En pleno estudio y tratamiento de la Ley del Presupuesto para el año entrante, vemos con mucha preocupación el desfile de instituciones que se presentan ante la Comisión Bicameral del Congreso con pedidos de aumentos significativos en sus asignaciones, particularmente en salarios. En realidad, la situación no es para nada nueva y los temores no pueden ser considerados infundados, pues existen antecedentes negativos que nos han traído enormes problemas como sociedad.
Hay que recordar en ese sentido lo que sucedió en el año 2011, cuando el Congreso de ese entonces aprobó un presupuesto para el año siguiente con un incremento salarial generalizado en el orden del 34% para el sector público.
Dicha decisión irracional desde el punto de vista del ordenamiento y equilibrio presupuestario del país significó un aumento automático de unos 800 millones de dólares en salarios. Y no olvidemos que esa erogación extra ya se mantiene a lo largo de los años, puesto que no se puede volver atrás cuando se trata de este tipo de gastos rígidos.
De hecho, ese momento crítico marcó la etapa desde la cual nuestro presupuesto anual entró en déficit y debimos consumir de manera acelerada todos los ahorros o excedentes superavitarios que se habían logrado en años anteriores.
Hoy tenemos de vuelta una fuerte presión para aumentos de todo tipo, pero fundamentalmente de salarios.
Si contabilizamos los pedidos extras que hasta ahora se han generado, ya estamos hablando de unos 200 millones de dólares que sencillamente no tienen una contrapartida de ingresos posibles de acuerdo con las proyecciones hechas por el Ministerio de Hacienda.
Desde el Poder Judicial, pasando por el Ministerio Público, las Universidades Nacionales, las Gobernaciones e incluso secretarías de Estado dependientes del Poder Ejecutivo, todas mencionan que el Presupuesto elaborado por Hacienda les resulta totalmente insuficiente y apelan al Congreso para modificarlo.
Según la Constitución, el Poder Ejecutivo es el encargado de presentar un proyecto de Presupuesto anual.
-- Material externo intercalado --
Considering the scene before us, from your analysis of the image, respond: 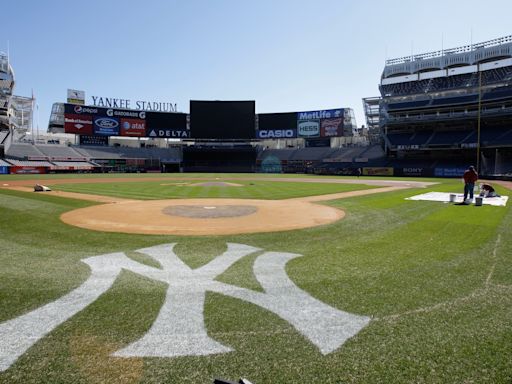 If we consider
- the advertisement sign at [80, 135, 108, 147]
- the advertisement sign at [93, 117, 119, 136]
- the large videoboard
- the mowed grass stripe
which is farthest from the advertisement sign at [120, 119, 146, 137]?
the mowed grass stripe

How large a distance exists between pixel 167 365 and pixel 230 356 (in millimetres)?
608

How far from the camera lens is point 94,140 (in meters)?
73.7

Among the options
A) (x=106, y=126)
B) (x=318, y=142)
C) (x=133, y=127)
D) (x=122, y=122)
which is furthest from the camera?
(x=318, y=142)

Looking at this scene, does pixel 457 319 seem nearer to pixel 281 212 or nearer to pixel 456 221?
pixel 456 221

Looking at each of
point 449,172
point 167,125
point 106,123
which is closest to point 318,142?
point 449,172

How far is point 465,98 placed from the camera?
55094 mm

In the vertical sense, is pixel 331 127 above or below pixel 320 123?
below

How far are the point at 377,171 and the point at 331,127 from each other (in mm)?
19623

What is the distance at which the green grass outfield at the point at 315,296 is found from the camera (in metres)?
3.06

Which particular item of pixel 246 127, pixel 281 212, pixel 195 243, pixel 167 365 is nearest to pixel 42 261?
pixel 195 243

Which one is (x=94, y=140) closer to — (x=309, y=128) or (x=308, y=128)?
(x=308, y=128)

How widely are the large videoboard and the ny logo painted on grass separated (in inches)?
2811

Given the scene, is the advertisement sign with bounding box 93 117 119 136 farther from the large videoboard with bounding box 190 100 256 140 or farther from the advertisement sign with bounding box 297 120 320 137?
the advertisement sign with bounding box 297 120 320 137

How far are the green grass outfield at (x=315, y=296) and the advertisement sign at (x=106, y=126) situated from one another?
68.9 m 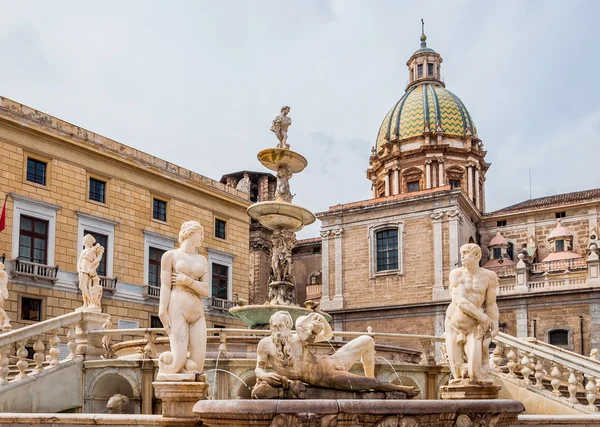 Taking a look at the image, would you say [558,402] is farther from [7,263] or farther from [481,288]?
[7,263]

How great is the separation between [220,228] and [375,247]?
13509 millimetres

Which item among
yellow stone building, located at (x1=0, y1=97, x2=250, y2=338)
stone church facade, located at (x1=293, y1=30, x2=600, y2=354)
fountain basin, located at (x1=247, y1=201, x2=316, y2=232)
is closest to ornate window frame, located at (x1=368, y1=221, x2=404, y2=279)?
stone church facade, located at (x1=293, y1=30, x2=600, y2=354)

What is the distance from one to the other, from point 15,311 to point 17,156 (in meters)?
5.58

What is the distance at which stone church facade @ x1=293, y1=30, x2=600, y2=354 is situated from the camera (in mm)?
37125

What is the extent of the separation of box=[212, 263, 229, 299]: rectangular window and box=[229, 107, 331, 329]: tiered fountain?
56.7 ft

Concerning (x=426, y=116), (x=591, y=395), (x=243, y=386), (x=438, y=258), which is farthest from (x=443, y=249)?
(x=243, y=386)

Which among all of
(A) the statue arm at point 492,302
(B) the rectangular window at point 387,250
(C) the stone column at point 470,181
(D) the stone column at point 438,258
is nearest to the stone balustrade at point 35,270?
(A) the statue arm at point 492,302

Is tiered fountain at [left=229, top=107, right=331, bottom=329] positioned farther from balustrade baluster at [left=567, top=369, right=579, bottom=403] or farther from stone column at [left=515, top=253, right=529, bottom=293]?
stone column at [left=515, top=253, right=529, bottom=293]

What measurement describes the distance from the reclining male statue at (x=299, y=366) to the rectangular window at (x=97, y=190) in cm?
2182

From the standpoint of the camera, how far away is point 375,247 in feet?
144

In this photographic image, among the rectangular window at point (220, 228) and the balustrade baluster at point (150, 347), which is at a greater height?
the rectangular window at point (220, 228)

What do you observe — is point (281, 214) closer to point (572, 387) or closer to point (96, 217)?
point (572, 387)

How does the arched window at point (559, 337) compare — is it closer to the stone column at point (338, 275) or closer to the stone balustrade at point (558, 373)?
the stone column at point (338, 275)

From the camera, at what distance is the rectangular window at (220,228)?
33.3 metres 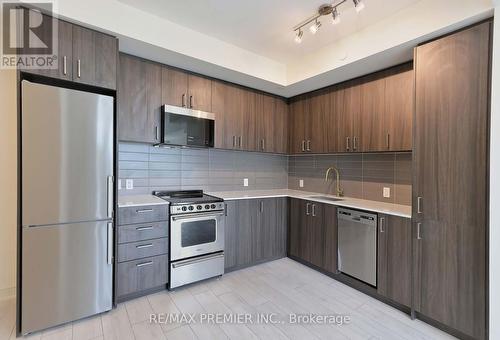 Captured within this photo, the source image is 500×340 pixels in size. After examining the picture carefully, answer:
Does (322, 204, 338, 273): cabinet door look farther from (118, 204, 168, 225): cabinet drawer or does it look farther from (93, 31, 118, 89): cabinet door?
(93, 31, 118, 89): cabinet door

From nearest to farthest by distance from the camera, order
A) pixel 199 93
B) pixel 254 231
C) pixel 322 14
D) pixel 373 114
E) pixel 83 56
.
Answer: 1. pixel 83 56
2. pixel 322 14
3. pixel 373 114
4. pixel 199 93
5. pixel 254 231

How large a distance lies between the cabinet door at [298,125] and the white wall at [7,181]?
3331 mm

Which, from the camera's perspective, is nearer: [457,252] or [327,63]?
[457,252]

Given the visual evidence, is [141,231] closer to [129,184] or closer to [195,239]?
[195,239]

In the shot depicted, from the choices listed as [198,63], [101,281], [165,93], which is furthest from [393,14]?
[101,281]

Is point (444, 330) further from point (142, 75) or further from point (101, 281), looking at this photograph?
point (142, 75)

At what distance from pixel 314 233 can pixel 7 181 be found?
3.35 metres

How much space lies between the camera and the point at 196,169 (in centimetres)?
345

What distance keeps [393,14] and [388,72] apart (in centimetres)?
61

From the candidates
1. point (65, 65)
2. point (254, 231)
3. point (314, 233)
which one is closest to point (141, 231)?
point (254, 231)

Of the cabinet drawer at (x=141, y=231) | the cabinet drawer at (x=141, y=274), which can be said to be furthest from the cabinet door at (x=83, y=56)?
the cabinet drawer at (x=141, y=274)

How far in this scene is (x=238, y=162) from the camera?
12.6 feet

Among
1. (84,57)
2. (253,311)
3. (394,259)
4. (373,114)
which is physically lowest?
(253,311)

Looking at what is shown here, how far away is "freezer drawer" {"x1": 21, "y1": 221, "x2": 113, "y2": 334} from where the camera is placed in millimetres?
1901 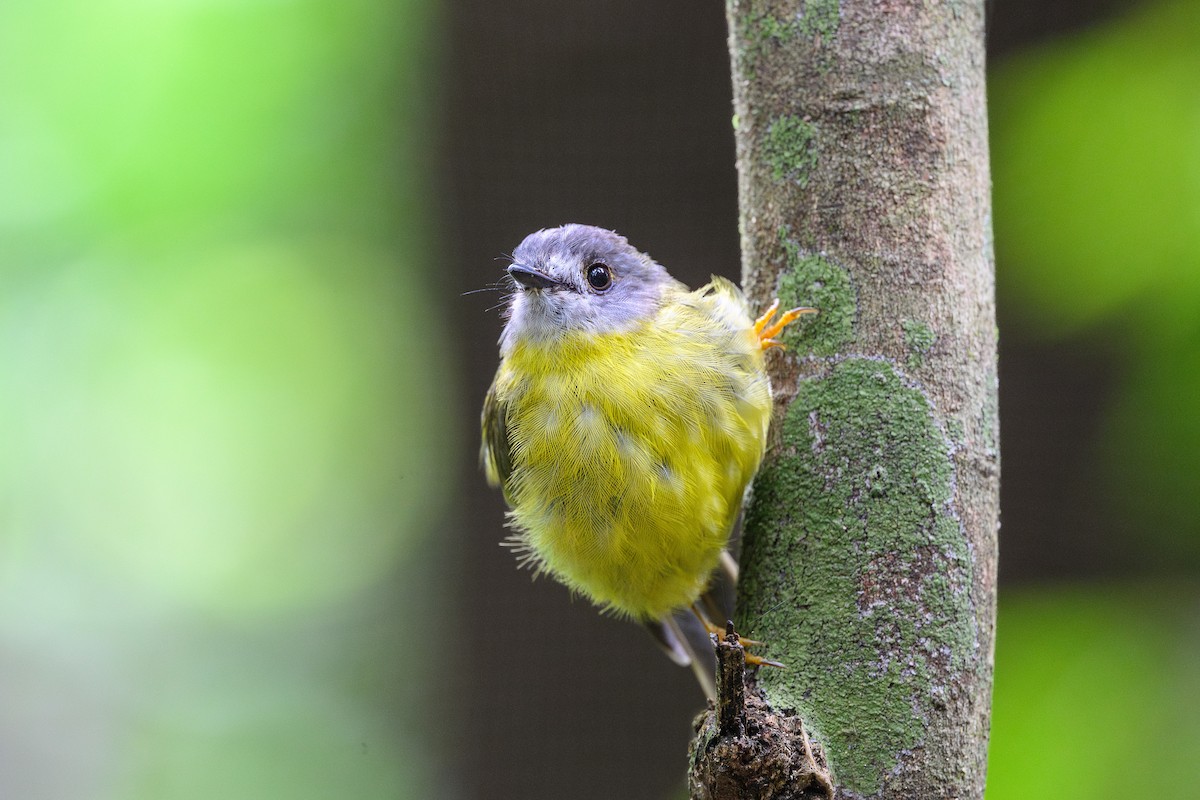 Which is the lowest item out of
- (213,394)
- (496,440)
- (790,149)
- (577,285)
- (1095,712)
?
(1095,712)

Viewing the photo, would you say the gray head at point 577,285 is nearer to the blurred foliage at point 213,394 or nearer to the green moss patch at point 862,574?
the green moss patch at point 862,574

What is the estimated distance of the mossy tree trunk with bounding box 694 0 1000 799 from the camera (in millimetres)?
2041

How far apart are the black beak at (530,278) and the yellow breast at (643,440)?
0.53ft

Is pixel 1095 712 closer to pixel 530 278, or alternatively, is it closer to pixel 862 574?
pixel 862 574

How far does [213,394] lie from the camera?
645 centimetres

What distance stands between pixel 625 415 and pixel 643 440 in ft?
0.26

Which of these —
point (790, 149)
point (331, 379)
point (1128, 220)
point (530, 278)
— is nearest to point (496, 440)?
point (530, 278)

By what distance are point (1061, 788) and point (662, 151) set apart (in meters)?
2.98

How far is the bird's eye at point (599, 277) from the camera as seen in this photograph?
2.88 metres

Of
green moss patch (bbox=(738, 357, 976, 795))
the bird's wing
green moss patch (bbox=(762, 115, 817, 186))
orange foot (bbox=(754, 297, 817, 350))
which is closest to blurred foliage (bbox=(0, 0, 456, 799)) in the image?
the bird's wing

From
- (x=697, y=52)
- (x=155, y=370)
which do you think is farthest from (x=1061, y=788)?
(x=155, y=370)

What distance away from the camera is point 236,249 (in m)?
6.65

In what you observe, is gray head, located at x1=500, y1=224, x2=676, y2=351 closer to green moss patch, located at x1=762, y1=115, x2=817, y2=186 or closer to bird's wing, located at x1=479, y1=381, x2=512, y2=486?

Lo hace a través del Ministerio de Hacienda, cuya capacidad técnica para el efecto es indiscutible desde hace varios años.
Es decir, podemos confiar en las proyecciones que se generan en dicha cartera, en coyunturas que se han vuelto muy volátiles especialmente en el contexto regional.
Tampoco se desconoce la atribución constitucional del Congreso de estudiar y modificar todas y cada una de las partidas del Presupuesto si así lo considera pertinente. Pero sería irresponsable asumir ingresos futuros inexistentes para calzar nuevos gastos o dejarle el problema de administrar un presupuesto rígido y deficitario al Poder Ejecutivo.
En el fondo, la ecuación es sencilla, si se aumentan los gastos rígidos, los mismos tienen prioridad cuando se trata de las erogaciones del presupuesto y para equilibrarlo en números manejables solo quedará cortar otros egresos como inversiones o ciertos gastos sociales.
Todo esto si queremos seguir manteniendo la disciplina fiscal y respetando los límites establecidos en la Ley de Responsabilidad Fiscal.
Salir de dicho marco nos llevaría a una situación extremadamente peligrosa y basta ver lo que ocurre con nuestros principales vecinos para entender lo que implica socialmente los comportamientos irresponsables de los decisores políticos.
Es sano en una democracia que podamos discutir profundamente las prioridades que tenemos como sociedad y que se manifiestan precisamente en el Presupuesto. Y creo que ese es el sentido de la atribución del Congreso de modificarlo en la lógica de la representación ciudadana.
Pero deben entender que nuestro histórico buen manejo macroeconómico es un bien público que debemos defender, pues es una condición necesaria, aunque no suficiente, para el desarrollo.
Esta lógica es la que debemos proteger como sea ante estas amenazas de tormentas que se avecinan.